In June 2000, Ramirez filed a second motion for a new trial in which he argued that he had just recently discovered a twenty-two to twenty-three second "gap" in the videotape made by federal and state agents just prior to his arrest in a hotel room in Perrysburg, Ohio, and introduced into evidence at his trial. The videotape showed what took place in the room between Ramirez, the paid informant and the undercover police officer just prior to Ramirez's arrest for trafficking marijuana. Ramirez argued that exculpatory statements were made during the portion of the tape that is now erased. He said that he was entitled to a new trial pursuant to Crim.R. 33(A)(2), because the expert he hired to analyze the videotape said that the tape was tampered with post-production.

To preserve Ramirez's time for filing an appeal from his conviction and sentencing, the trial court entered a ruling on Ramirez's renewed motion for a new trial without waiting for a response from the state. The trial court noted that the expert hired by appellant opined that the twenty-two second gap on the videotape may have been erased. The trial court said that evidence only showed the possibility of misconduct on the part of the state and granted Ramirez additional time to refile his motion if he got more evidence from his expert to show that the tape was erased.

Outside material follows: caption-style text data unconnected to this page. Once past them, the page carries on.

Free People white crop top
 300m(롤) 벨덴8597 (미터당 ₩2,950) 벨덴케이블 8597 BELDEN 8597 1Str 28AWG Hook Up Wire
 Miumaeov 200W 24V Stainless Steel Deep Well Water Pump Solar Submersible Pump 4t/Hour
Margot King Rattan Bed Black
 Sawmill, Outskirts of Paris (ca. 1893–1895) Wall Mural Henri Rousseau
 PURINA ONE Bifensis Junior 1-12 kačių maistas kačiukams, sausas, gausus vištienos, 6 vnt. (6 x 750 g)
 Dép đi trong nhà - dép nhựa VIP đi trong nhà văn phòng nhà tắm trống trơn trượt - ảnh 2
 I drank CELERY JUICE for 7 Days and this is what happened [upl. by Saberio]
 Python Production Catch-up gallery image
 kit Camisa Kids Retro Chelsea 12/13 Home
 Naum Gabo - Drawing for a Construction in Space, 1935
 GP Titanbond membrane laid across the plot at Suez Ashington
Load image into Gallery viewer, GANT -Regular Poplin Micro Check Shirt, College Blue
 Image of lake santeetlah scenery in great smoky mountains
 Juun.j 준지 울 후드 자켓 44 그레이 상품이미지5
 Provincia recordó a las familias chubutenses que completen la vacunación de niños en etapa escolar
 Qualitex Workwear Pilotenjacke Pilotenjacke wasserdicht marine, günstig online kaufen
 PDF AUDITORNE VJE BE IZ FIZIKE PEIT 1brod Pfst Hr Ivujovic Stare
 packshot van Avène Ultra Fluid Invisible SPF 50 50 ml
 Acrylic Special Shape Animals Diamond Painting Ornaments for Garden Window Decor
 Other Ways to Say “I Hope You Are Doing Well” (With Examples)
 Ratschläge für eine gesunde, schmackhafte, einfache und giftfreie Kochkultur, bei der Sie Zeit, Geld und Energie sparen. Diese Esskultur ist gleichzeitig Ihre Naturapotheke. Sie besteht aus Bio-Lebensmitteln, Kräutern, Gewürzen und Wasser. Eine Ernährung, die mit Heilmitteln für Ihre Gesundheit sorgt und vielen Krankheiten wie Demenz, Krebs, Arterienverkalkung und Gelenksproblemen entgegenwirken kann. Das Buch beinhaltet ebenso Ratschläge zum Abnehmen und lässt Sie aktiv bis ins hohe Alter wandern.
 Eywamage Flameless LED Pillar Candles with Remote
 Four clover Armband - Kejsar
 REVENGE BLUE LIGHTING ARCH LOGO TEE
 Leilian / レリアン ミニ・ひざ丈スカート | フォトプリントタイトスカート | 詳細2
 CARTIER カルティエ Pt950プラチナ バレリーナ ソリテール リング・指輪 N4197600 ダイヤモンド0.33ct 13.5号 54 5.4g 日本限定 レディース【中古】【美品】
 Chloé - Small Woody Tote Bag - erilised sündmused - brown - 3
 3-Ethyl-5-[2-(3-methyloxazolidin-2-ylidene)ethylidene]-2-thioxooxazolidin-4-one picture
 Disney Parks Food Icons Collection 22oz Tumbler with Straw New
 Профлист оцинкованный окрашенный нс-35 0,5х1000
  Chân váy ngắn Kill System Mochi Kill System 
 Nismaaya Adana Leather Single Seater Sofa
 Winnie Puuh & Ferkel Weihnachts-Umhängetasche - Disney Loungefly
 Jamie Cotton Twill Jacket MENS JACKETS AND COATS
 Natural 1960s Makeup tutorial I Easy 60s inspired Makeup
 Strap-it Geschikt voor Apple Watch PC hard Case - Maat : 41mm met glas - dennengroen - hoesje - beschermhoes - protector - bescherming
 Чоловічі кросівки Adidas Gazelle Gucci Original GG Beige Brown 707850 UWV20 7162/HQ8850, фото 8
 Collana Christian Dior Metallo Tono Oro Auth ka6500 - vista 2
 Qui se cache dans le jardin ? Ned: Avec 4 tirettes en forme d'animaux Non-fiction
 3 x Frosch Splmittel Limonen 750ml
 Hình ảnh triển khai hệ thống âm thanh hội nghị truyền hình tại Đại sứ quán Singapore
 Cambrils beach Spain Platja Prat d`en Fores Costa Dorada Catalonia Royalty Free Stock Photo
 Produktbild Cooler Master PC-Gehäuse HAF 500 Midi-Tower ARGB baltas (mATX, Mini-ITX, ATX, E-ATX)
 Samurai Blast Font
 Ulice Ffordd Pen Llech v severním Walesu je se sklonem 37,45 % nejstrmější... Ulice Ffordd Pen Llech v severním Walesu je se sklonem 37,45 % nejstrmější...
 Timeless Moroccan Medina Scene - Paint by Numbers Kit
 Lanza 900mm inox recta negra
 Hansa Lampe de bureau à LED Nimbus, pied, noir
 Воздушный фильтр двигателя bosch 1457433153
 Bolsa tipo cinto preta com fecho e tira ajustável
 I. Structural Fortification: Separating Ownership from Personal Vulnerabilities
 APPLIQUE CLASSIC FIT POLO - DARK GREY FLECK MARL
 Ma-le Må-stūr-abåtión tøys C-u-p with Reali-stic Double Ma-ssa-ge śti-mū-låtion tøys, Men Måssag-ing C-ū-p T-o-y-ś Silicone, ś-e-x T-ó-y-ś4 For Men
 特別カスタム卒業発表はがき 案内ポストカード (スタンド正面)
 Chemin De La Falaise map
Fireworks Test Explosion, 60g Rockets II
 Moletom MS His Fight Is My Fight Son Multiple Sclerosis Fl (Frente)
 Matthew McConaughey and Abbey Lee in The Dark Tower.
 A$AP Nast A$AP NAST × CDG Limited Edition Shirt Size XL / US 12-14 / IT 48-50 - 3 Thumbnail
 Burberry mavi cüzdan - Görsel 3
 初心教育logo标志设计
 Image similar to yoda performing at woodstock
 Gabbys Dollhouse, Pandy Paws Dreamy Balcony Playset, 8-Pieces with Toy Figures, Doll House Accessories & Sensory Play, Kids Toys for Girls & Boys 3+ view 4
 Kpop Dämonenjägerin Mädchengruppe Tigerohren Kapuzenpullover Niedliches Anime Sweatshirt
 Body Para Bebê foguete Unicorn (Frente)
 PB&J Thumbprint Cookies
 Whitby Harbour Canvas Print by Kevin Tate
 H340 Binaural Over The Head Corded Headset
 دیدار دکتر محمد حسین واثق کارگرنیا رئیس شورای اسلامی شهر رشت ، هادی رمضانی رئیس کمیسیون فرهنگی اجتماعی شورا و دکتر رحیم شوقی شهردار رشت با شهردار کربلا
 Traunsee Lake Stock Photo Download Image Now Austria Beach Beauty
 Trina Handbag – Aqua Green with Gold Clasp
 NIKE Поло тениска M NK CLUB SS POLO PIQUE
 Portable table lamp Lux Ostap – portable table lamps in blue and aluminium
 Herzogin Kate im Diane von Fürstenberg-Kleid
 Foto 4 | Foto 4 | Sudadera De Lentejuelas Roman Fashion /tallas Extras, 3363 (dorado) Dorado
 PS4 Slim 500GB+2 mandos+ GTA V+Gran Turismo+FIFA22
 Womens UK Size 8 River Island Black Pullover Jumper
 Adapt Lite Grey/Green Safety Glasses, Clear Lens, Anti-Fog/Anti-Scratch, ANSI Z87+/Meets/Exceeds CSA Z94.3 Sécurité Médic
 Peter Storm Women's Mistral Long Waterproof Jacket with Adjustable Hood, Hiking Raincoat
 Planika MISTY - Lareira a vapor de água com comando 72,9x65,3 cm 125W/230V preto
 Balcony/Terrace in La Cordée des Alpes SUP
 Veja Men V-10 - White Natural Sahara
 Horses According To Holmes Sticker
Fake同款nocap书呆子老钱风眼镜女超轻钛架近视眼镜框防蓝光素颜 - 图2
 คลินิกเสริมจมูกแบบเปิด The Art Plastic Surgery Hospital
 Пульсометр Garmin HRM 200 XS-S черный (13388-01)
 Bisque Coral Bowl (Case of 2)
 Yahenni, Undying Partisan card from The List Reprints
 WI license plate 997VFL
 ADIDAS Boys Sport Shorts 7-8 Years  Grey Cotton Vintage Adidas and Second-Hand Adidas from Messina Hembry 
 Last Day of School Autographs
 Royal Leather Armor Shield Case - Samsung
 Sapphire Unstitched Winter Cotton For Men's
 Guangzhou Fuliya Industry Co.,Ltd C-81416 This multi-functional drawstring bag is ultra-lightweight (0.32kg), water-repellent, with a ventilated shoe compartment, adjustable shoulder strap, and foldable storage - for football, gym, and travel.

Ramirez then filed a notice of appeal from the sentencing judgment entry of the trial court and from the judgment entry of the trial court denying his motion for a new trial. Ramirez subsequently filed a renewed motion for a new trial in the trial court, and sought an order from this court, which was granted, to remand the case to the trial court for a ruling on the renewed motion for a new trial.

Following remand, the trial court denied Ramirez's motion for more money for further testing of the videotape and the machinery used to record the tape. After holding a hearing and taking additional testimony from the state regarding how the gap was created, the trial court denied Ramirez's renewed motion for a new trial.

This court then reinstated Ramirez's original appeal. Ramirez subsequently filed a second appeal, from the trial court's denial of his renewed motion for a new trial, so that he could also challenge that ruling in addition to challenging his conviction and sentencing. At the request of Ramirez, this court consolidated the two appeals.

Ramirez has presented four assignments of error for consideration. The assignments of error are:

"I. THE EVIDENCE UPON WHICH APPELLANT'S CONVICTION IS BASED IS INSUFFICIENT AS A MATTER OF LAW.

"II. THE TRIAL COURT ERRED TO THE PREJUDICE OF APPELLANT BY INSTRUCTING THE JURY ON THE OFFENSE OF COMPLICITY, AS THERE WAS NO EVIDENCE OF APPELLANT'S INVOLVEMENT WITH THE SALE OF THE DRUGS AT ANY TIME PRIOR TO HIS ARREST; ACCORDINGLY, THE EVIDENCE ADDUCED AT TRIAL, VIEWED IN A LIGHT MOST FAVORABLE TO THE PROSECUTION, SUPPORTS APPELLANT'S INVOLVEMENT ONLY AS AN ACCESSORY AFTER THE FACT, A CRIME NOT RECOGNIZED IN OHIO.

"III. THE TRIAL COURT ERRED AND ABUSED ITS DISCRETION TO THE PREJUDICE OF APPELLANT BY DENYING HIM A NEW TRIAL.

"IV. THE TRIAL COURT ERRED TO THE PREJUDICE OF APPELLANT BY IMPOSING A MANDATORY FINE, AS APPELLANT FILED AN AFFIDAVIT OF INDIGENCY PRIOR TO SENTENCING, AND THE STATE FAILED TO ADDUCE ANY EVIDENCE CONTRA APPELLANT'S AFFIDAVIT AND HIS TESTIMONY IN SUPPORT THEREOF."

In support of his first assignment of error, Ramirez argues that the evidence upon which his conviction for trafficking in marijuana is based is insufficient as a matter of law. Ramirez argues that the evidence presented against him by the state did not show that he aided or abetted his brothers, Saul and Israel, when they made arrangements to sell marijuana to the paid informant or when the marijuana was actually delivered in Lansing, Michigan.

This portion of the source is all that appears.